The Israeli media did have a cynical preoccupation with the hunger strikes wavering between worries of seeming to give in to pressure exerted by fears if the strikes continued Third Intifada and the characteristic concern of an oppressor that accommodating grievances would be treated as a show of weakness and an encouragement of further Palestinian resistance activity. For this reason the agreement reached to end the main strike has been sharply criticized by Israeli right-wing politicians.

Israel is not alone in addressing prison hunger strikes in a detached manner that refuses to acknowledge the moral motivation, physical courage and discipline, and the righteousness of the demands for reforms. A 2011 protest hunger strike in a notorious California Pelican Bay State Prison and other prisons around the state led to this monumentally icy reaction from Nancy Kincaid, Director of Communications for California Correctional Health Service: “They have the right to die of starvation if they wish.” And as the late Kurt Vonnegut so memorably reflected on the terror bombing of Dresden during World War II: “And so it goes.”

The ending of the hunger strikes on the eve of the 64th observance of Nakba Day is above all a protest against the particular reality of these protests against administrative detention, arrest procedures of a police state, and unacceptable prison regulations that include extensive and extended consignment to solitary confinement, taunting of prisoner suffering, denial of family visits (especially for Gaza families), and a variety of forms of inhumane treatment. It also needs to be understood as part of the general Palestinian struggle for protection and rights, above all, the inalienable right of self-determination, which is accorded to every people by virtue of Article 1 of both Human Rights Covenants.

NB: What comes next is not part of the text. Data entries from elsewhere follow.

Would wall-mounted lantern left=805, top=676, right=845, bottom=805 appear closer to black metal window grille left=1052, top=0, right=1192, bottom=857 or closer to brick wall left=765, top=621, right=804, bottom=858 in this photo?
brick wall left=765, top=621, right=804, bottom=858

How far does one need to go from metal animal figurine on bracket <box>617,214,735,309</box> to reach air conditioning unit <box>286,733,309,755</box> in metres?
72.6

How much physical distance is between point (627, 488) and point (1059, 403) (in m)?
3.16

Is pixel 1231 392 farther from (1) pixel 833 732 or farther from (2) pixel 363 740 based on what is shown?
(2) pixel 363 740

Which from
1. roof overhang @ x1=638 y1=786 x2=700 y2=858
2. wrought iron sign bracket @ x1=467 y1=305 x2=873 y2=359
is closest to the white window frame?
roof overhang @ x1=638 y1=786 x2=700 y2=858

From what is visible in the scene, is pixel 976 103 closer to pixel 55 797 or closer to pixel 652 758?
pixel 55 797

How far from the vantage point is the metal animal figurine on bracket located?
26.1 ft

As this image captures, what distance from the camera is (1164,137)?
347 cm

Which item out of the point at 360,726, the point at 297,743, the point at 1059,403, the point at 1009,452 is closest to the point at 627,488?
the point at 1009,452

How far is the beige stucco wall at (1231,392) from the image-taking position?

Any agreement reached with Israel should be carefully monitored and scrutinized. It was a disgrace that Israel should have released Hana Shalabi but punitively ‘deported’ her to Gaza where she is required to remain for three years before returning to her family and home in the West Bank village of Burqin. Without charges to sentence Shalabi to what many have called the world’s largest open air prison is to compound the wrong done by detaining her in the first place, and is an implied admission by Israel that it is a punishment to be required to live in blockaded Gaza.

Throughout this period of hunger strikes that was started by Khader Adnan on the day following his December 17th arrest I and others have taken notice of the IRA strike in the Maze Prison in Northern Ireland in which ten Irish prisoners fasted unto death, including the martyred Irish hero, Bobby Sands. What I have learned of while following the developments in the Palestinian strikes was the earlier celebrated hunger strike of Terrence MacSwiney, the elected lord mayor of county Cork who was arrested, charged, and convicted of his activism in the Irish struggle against British colonial rule.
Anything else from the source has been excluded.